Esoterik

Jeder glaubt heute zu wissen, was „Esoterik“ ist – und doch scheiden sich an diesem Begriff buchstäblich die Geister. Ursprünglich stammt das Wort „esoterikos“ aus dem Griechischen und bedeutet so viel wie „der innere Kreis“, im Gegensatz zu „exoterikos“, was „der äußere Kreis“ bedeutet. Hierbei wird an die typische Vorstellung appelliert, dass jede menschliche Gemeinschaft oder Gruppe verschiedene Gruppenmitglieder hat; diejenigen, die Außen an der Periphere stehen und nicht alles miterleben und die, die im Zentrum stehen und die so genannten Insider sind. Diesen Insidern ist seit jeher ein besonderer Zugang zur Macht und daher auch zu bestimmten Informationen zu Eigen – das gilt für alle Bereiche des sozialen Lebens, von der Wirtschaft über die Gruppenbildung in der Politik bis hin in die Religion und die Religionsgemeinschaften oder Geheim-Gesellschaften. Vor allem im letzteren Zusammenhang spricht man aber gern von „Esoterik“, wenn man religiöses Geheimwissen meint, welches nicht oder noch nicht allen Menschen zugänglich ist.

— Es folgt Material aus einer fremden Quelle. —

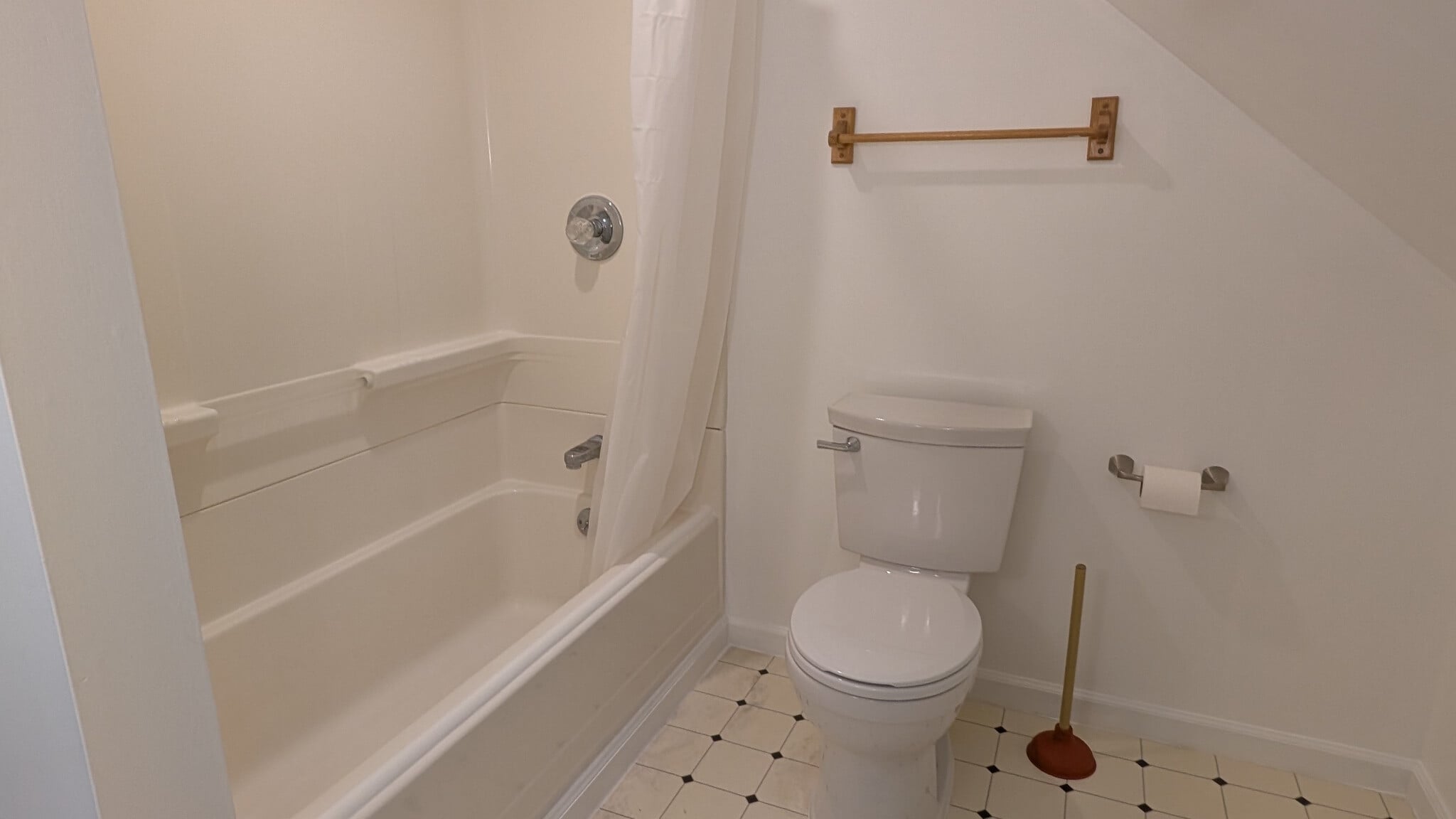 Building Photo - 128 Orchard St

Mittlerweile wird das Wort Esoterik jedoch sehr vielfältig verwendet und inhaltlich weiter interpretiert, als das in der Geschichte je der Fall war – alles sei Esoterik, vom Kartenlegen über das Aura-Sehen bis zur Kommunikation mit Engeln. Tatsächlich werden in einer so weit gefassten Definition von Esoterik die unterschiedlichsten Praktiken zusammengeführt, die nicht unbedingt miteinander verbunden sind. So ist die Kunst der Orakel mit Karten oder Tarot zum Beispiel eine alte Technik, die nicht unbedingt esoterisch ist, denn ihre Methoden sind bekannt und jeder kann sie lernen und mit etwas Fleiß und Begabung auch ausüben. Auch die so genannten antiken Weisheitslehren wie die Astrologie, die Karma-Lehre der Inder, die hebräische Kabbalah und andere sind heute im Zeitalter der Computertechnik nicht mehr „esoterisch“ im Sinne von unzugänglichem Eingeweihten-Wissen, sondern überall per Internet abrufbar. In diesem neuen Verständnis von Esoterik ist unser Informationszeitalter wahrlich kein Platz für separate Geheimlehren, die dem sucherfahrenen Normalbürger nicht zugänglich wären. Heute muss man lediglich in den Online-Quellen nachschlagen, um esoterisches Wissen zu finden, das früher jahrelanges Studium vorausgesetzt hat – doch faszinierend bleibt der alte „innere Kreis“ des Wissens, der zunehmend größer wird, dennoch.